Ya en el siglo XXI dos ambiciosos proyectos han centrado su creación, orbitando en torno a ellos la mayoría de las piezas menores que ha seguido generando. El primero es el Pentaconflictorio, calificado como mamotreto intergenérico»; en él se da cuerpo literario a la tesis de Steiner sobre los cinco conflictos básicos, con un despliegue de tanta inventiva como capacidad de síntesis de líneas anteriores de la obra riacesca. Con una similar mezcla y fusión de modalidades genéricas, aborda a continuación unas Memoriejas donde se combina una mirada retrospectiva sin tapujos y la constante mirada lúcida y corrosiva sobre el ser humano, la sociedad y las convenciones artísticas

Además de numerosos montajes de sus piezas en España, Riaza ha visto su teatro representado en Marruecos, Venezuela, Estados Unidos, Bulgaria, Chile, Francia, Bélgica o Brasil, entre otros países. Una veintena de sus piezas teatrales han sido editadas, algunas en más de una ocasión, además de traducidas, en distintos casos, al francés, alemán, italiano, portugués y búlgaro. Fiel a uno de los rasgos dominantes de su generación (la más premiada y menos representada, como fue definida por Alberto Miralles), ha obtenido una quincena de premios nacionales en los diferentes géneros, poesía, narración y teatro. La fecundidad de los últimos años ha generado una buena porción de textos aún inéditos, como una docena de libros de poemas, numerosos relatos y varias obras de difícil caracterización, que se suman a los procedentes de sus etapas previas. Su tendencia a la reflexión y al ensayo se ha canalizado en la multiplicación de sus personales prólogos, convertidos en un laberinto de incisos e incisos de incisos encerrados en varios niveles de paréntesis, en los que ha formulado o dispersado su particular teoría teatral y su amarga visión del mundo.

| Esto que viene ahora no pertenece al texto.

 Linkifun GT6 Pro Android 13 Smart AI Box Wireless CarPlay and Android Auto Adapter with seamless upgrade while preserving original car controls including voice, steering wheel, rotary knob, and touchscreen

Ha sido objeto de numerosos estudios parciales, especialmente de su obra teatral, publicados en revistas científicas y académicas, además de las reseñas y críticas periodísticas de sus estrenos. Cuenta con capítulos destacados en las recientes historias del teatro en el siglo XX. Ha merecido diferentes trabajos académicos, con tesis de doctorado y licenciatura, en distintas universidades de España, Francia y Estados Unidos.

Hasta sus últimos momentos siguió prefiriendo la montaña al patio de butacas y mantuvo su afirmación de que lo más estimulante de un espectáculo teatral son los ensayos de los actores.


[1] Se recoge, con algunos retoques, el texto publicado con el mismo título en la revista Exilios (4-5, octubre de 2000, pp. 129-131) con la adición de algunas referencias a su último tramo de vida y escritura.